**Exercise:**
From the listing below, reproduce exactly the lines starting with the one with "Medical staff in" and going on through the one with "Triple Room - Photo 1", both ends kept. No picture is copied.
(Beginning of Data records)
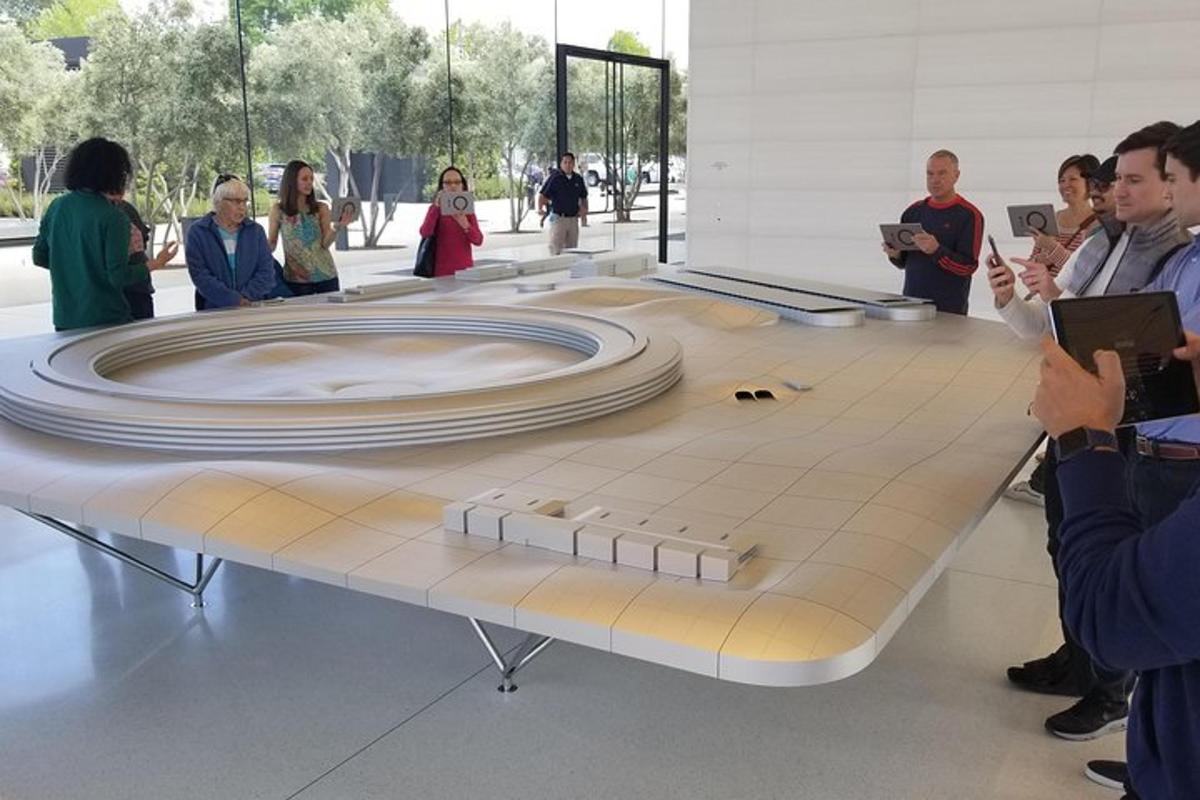 a large table with people standing around it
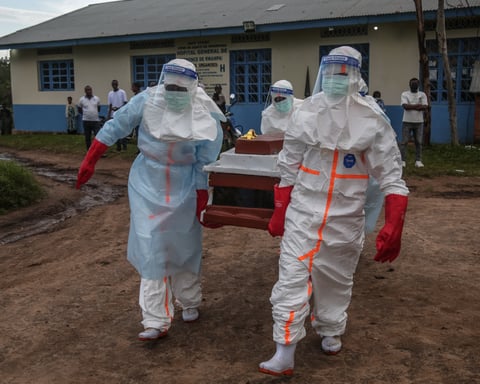 Medical staff in PPE carry a patient at an Ebola treatment centre in DRC's Ituri province, 2026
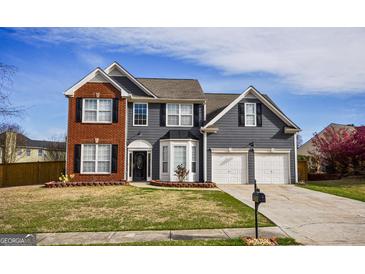 Charming two-story home with a brick and gray siding exterior, two-car garage, and well-maintained lawn at 3028 Hallman Cir, Marietta, GA 30064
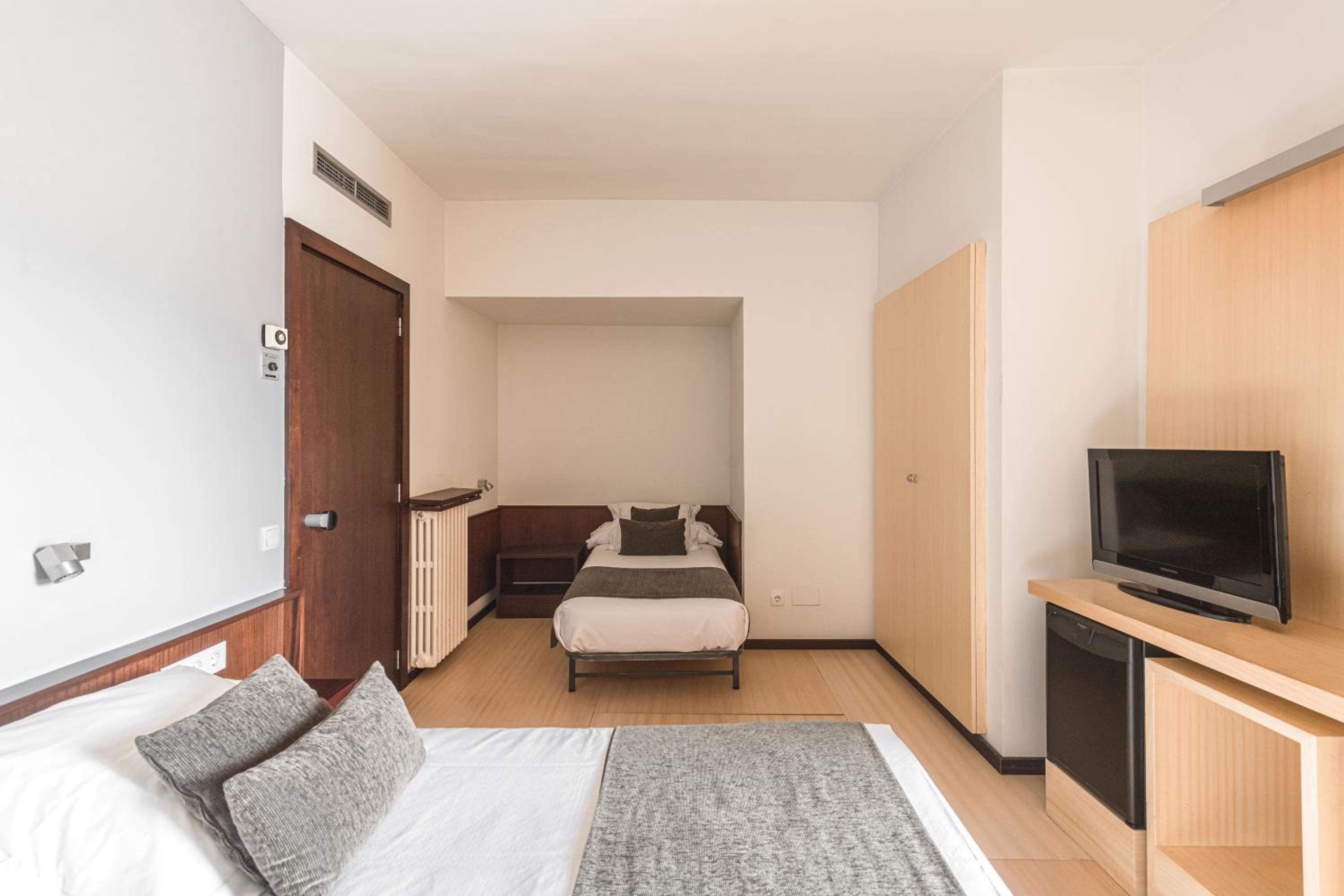 Triple Room - Photo 1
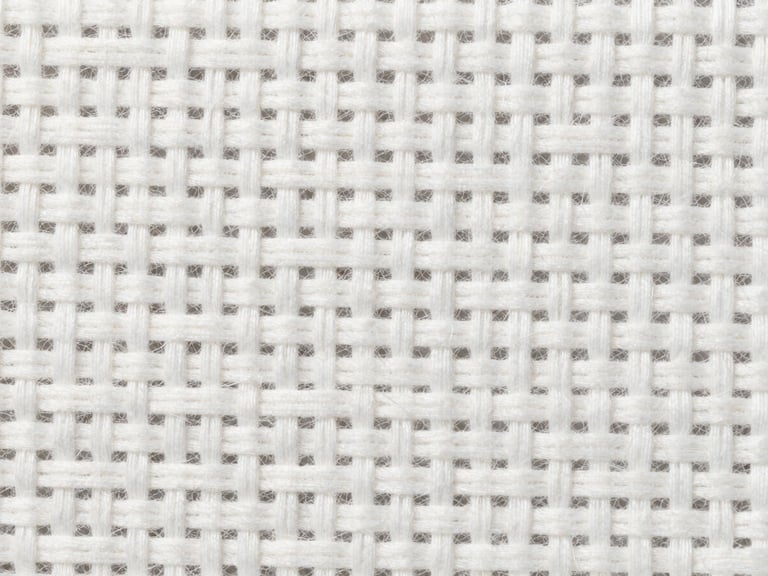 Macro photograph of high-density white cotton thread weave, showing the precise grid of the textile under bright neutral daylight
(End of Data records)
**Answer space:**
 Medical staff in PPE carry a patient at an Ebola treatment centre in DRC's Ituri province, 2026
 Charming two-story home with a brick and gray siding exterior, two-car garage, and well-maintained lawn at 3028 Hallman Cir, Marietta, GA 30064
 Triple Room - Photo 1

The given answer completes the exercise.